Flooding in Alberta and an increasingly cautious consumer have economists predicting that Statistics Canada will report weaker retail sales figures for June when the numbers come out Thursday.
But the pullback of 0.2 to 0.5 per cent that observers are predicting is really just payback for May, which saw retail sales jump 1.9 per cent in the month, said Dawn Desjardins, assistant chief economist at Royal Bank of Canada.
“You’re still looking at second-quarter growth on the retail sales side that is quite robust,” Ms. Desjardins said.
Auto sales, which have broken records recently, is one area that economists are predicting will come back to earth.
“I don’t think the trend is necessarily down, but [Canadians] do have relatively cautious attitudes towards credit, and big-ticket items like autos are typically bought on credit,” said Avery Shenfeld, chief economist for CIBC World Markets.
Just how much of an impact that the June flooding in southern Alberta will have is still a big question, Mr.

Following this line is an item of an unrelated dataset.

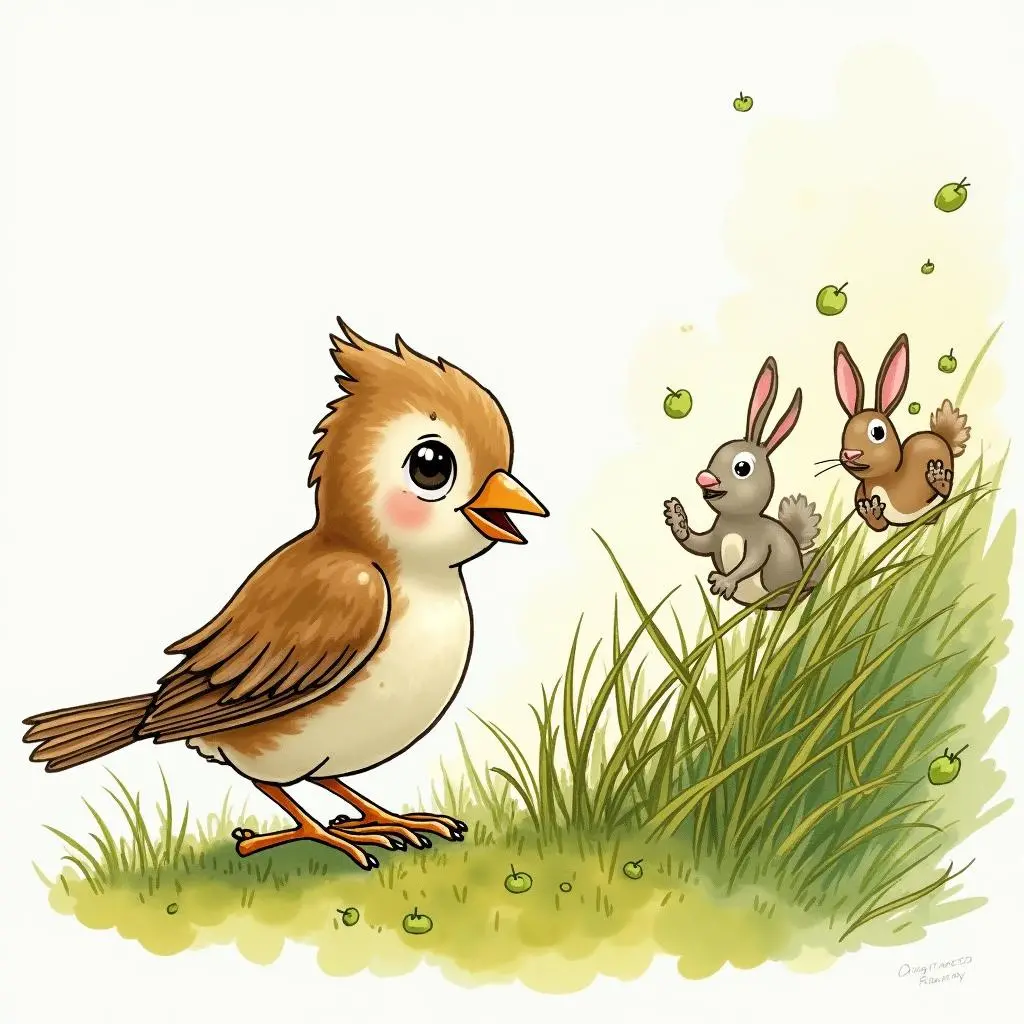 小麻雀为小兔子找食物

Shenfeld said.
Economists were predicting that the flooding would take a big bite out of manufacturing sales in June, but when the numbers were released last week, Alberta actually posted a modest gain for the month.

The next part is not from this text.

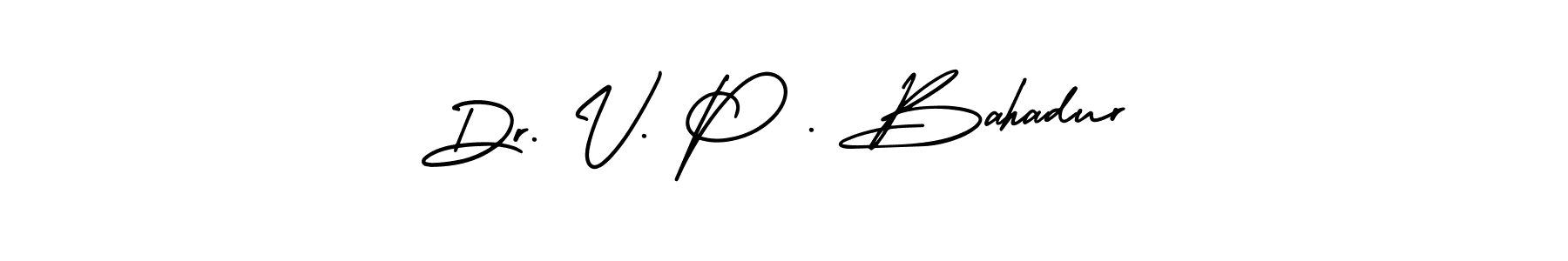 The best way (AmerikaSignatureDemo-Regular) to make a short signature is to pick only two or three words in your name. The name Dr. V. P . Bahadur include a total of six letters. For converting this name. Dr. V. P . Bahadur signature style 3 images and pictures png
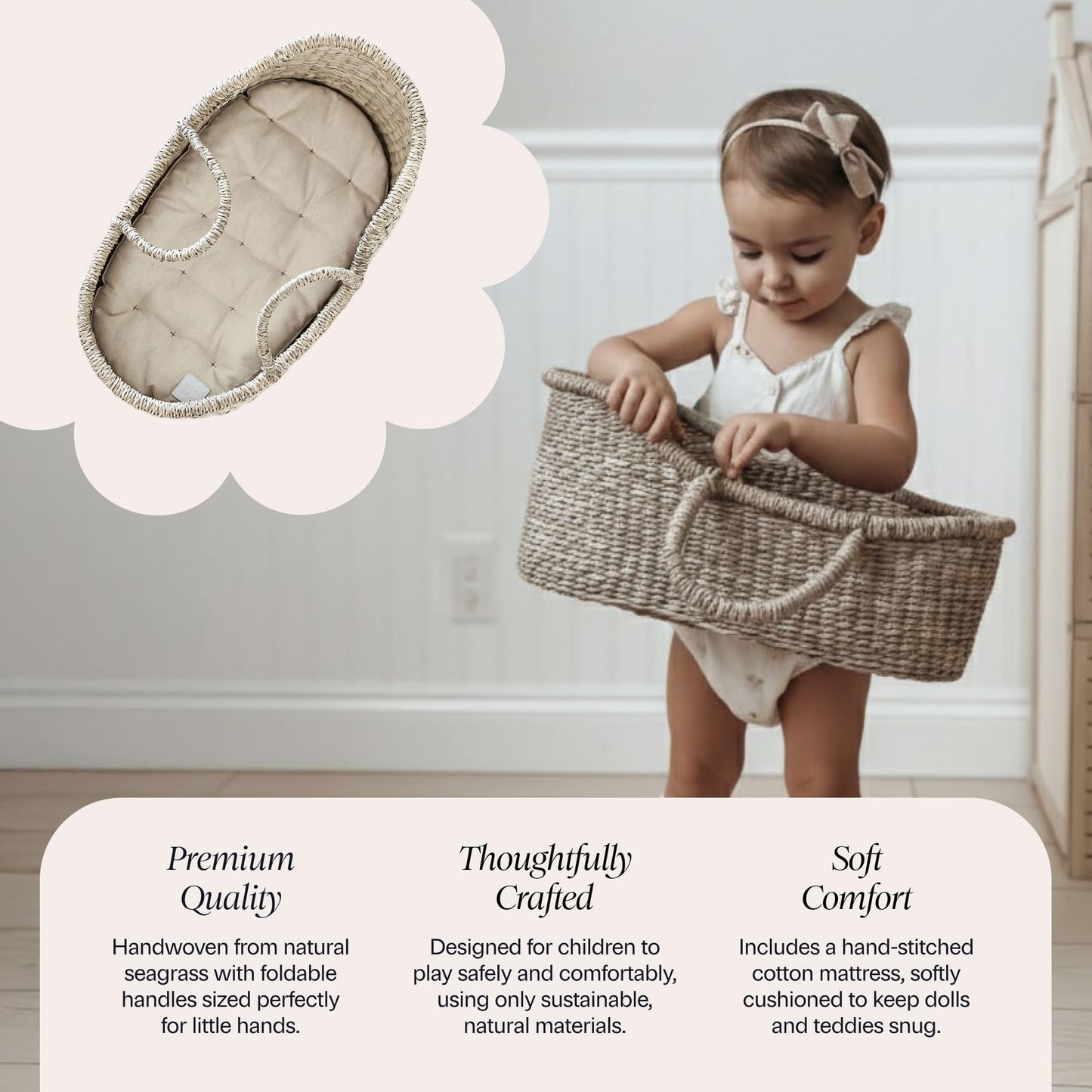 BEBE BASK Premium Baby Doll Bassinet — Handcrafted Seagrass Moses Basket & Luxe Mattress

But the Alberta floods are just one factor that has economists forecasting a pullback in June.
“I think retail numbers will underscore how weakly the economy performed in the month of June,” said Derek Burleton, deputy chief economist with Toronto-Dominion Bank.
“I think from a broader perspective, we’re still dealing with a consumer that’s showing increased caution amid high debt levels,” Mr. Burleton said. “Job growth has been following a much more subdued trend of late so I think the general tale here is there’s still some caution that’s persisting in the June numbers.”

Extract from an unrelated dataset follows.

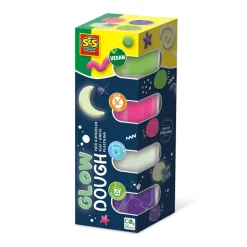 SES Creative Modeling Dough, Silky Soft Glow-in-the-Dark 4x90g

It’s something that he said ties with his view on inflation numbers for July.
Mr. Burleton is forecasting headline inflation to tick up to 1.6 per cent for the month, driven by higher prices for electricity and clothes.
“We’re still in a pretty low inflation environment, but one where I think we’ve seen the bottom,” Mr. Burleton said.
However, with an economy that’s still operating below it’s potential, Mr. Burleton said he doesn’t think that there is any danger of big inflation jumps in the near term.
Meanwhile, Mr. Shenfeld and Ms. Desjardins are both predicting July headline inflation to come in slightly lower at 1.4 per cent in July.
That puts it at the low end of the Bank of Canada’s target of between 1 and 3 per cent, which neither economist thinks will spur any action from the bank.
“I think they still have time on both the inflation front, and in terms of slack in the Canadian economy, to sit on their hands in terms of thinking about eventual interest rate hikes,” Mr. Shenfeld said.